Nazaret es una escuela para el amor. Decía el Padre José Kentenich: «Yo era tan afecto a las ideas y a las tareas, que no podía aceptar que alguien me brindara su corazón o que el mío pretendiese latir por otra persona.
 
A simple vista pareciera una actitud de recato virginal. Pero no lo es, al contrario: es amor totalmente impersonal, es culto unilateral a las ideas, ajeno a la vida, es señal de una afectividad bloqueada. Es falta de espontaneidad y madurez. Es prueba de una humanidad masificada e impersonal. Incapaz de decir conscientemente y claramente ‘yo’ y prefiere utilizar el impersonal ‘ello’»[1].
 
Esa ausencia de vivencias familiares profundas en la historia del Padre José Kentenich dejó marcada su vida.

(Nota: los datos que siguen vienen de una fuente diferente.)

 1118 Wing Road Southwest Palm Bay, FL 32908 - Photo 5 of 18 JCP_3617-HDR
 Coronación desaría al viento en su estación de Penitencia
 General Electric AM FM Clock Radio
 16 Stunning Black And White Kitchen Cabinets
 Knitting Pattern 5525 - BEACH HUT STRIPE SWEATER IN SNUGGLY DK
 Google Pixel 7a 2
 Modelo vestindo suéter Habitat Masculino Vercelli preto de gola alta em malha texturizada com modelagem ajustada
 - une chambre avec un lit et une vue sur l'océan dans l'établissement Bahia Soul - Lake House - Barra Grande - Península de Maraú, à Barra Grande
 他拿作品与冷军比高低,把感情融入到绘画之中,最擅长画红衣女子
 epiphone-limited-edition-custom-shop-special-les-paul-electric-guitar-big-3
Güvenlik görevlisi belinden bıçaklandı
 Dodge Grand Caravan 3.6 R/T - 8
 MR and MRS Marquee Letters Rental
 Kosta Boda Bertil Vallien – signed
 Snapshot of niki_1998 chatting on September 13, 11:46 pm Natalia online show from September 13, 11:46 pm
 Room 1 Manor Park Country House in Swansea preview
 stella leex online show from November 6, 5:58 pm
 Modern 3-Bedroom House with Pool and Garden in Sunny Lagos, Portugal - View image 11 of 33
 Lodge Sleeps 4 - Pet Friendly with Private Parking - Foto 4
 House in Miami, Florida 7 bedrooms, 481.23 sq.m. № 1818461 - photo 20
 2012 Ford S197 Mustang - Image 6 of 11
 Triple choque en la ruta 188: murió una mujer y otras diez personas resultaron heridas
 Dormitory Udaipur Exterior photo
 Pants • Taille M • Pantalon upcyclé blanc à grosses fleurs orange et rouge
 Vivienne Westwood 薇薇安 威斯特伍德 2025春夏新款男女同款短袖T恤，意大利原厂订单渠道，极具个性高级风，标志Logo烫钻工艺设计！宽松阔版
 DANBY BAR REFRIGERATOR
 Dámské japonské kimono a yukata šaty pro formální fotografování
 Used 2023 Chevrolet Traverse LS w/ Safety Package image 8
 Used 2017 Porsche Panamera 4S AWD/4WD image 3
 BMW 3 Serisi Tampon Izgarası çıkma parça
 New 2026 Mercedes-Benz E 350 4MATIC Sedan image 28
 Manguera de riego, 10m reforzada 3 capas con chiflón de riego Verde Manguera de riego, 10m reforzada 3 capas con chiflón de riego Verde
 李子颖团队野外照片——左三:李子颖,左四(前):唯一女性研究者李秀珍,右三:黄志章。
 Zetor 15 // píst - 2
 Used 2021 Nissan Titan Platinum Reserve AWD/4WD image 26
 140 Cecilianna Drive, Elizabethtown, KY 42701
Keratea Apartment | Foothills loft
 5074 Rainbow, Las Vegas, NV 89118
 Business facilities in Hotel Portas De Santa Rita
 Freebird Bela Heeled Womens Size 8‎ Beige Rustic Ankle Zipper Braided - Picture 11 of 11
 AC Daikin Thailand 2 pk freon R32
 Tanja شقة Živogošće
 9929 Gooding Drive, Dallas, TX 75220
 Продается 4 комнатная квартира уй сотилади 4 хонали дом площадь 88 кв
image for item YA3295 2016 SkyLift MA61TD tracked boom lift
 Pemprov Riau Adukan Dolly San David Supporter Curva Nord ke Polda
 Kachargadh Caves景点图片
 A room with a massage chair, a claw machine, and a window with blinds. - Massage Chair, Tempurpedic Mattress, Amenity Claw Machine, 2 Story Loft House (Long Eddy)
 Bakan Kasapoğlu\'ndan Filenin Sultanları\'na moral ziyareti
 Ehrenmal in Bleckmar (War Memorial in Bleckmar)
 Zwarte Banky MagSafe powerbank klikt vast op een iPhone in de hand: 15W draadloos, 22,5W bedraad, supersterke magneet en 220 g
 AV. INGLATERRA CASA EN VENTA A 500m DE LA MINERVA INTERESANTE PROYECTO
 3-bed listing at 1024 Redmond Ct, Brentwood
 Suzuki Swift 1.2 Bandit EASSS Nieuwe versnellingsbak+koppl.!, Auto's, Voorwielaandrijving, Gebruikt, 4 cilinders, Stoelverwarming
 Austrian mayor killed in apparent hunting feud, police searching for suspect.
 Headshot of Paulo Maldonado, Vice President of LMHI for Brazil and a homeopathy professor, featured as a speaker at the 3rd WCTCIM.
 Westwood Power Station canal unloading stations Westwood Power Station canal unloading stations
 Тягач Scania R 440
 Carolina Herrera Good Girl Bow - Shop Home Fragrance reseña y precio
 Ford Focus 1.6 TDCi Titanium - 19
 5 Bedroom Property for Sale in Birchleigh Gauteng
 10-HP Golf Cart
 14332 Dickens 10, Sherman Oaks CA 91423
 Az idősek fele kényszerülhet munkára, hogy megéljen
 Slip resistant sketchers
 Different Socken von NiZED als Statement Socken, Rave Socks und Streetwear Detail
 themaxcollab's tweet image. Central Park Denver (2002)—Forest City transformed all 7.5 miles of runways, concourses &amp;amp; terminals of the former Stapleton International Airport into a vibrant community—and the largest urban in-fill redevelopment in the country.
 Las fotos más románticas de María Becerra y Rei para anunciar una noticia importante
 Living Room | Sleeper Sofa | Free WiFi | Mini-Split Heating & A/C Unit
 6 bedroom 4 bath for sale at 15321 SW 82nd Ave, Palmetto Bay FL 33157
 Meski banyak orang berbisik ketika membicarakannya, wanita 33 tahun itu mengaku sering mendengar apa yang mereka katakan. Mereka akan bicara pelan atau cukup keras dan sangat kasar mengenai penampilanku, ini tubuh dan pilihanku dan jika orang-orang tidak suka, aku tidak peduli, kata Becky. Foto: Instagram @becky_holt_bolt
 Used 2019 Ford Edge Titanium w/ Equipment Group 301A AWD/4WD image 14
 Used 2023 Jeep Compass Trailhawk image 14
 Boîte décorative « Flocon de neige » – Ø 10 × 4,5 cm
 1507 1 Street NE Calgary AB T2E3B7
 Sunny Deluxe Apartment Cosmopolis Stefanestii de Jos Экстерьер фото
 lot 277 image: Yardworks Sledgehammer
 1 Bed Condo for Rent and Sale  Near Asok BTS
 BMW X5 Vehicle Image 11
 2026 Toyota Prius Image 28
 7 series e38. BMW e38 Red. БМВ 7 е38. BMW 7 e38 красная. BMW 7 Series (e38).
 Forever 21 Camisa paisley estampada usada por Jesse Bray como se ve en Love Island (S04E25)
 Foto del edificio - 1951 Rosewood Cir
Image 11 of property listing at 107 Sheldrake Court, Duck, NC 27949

Él mismo se da cuenta de su limitación. Justamente cuando pone su corazón como prenda y empieza él a amar a los jóvenes todo cambia. Se convierte en padre de muchos.
 
Él tuvo que pasar por esa escuela de Nazaret, en la que María y José nos enseñan a amar de forma entrañable, con un amor profundo y cálido. Es el camino. No queremos vivir con una afectividad bloqueada.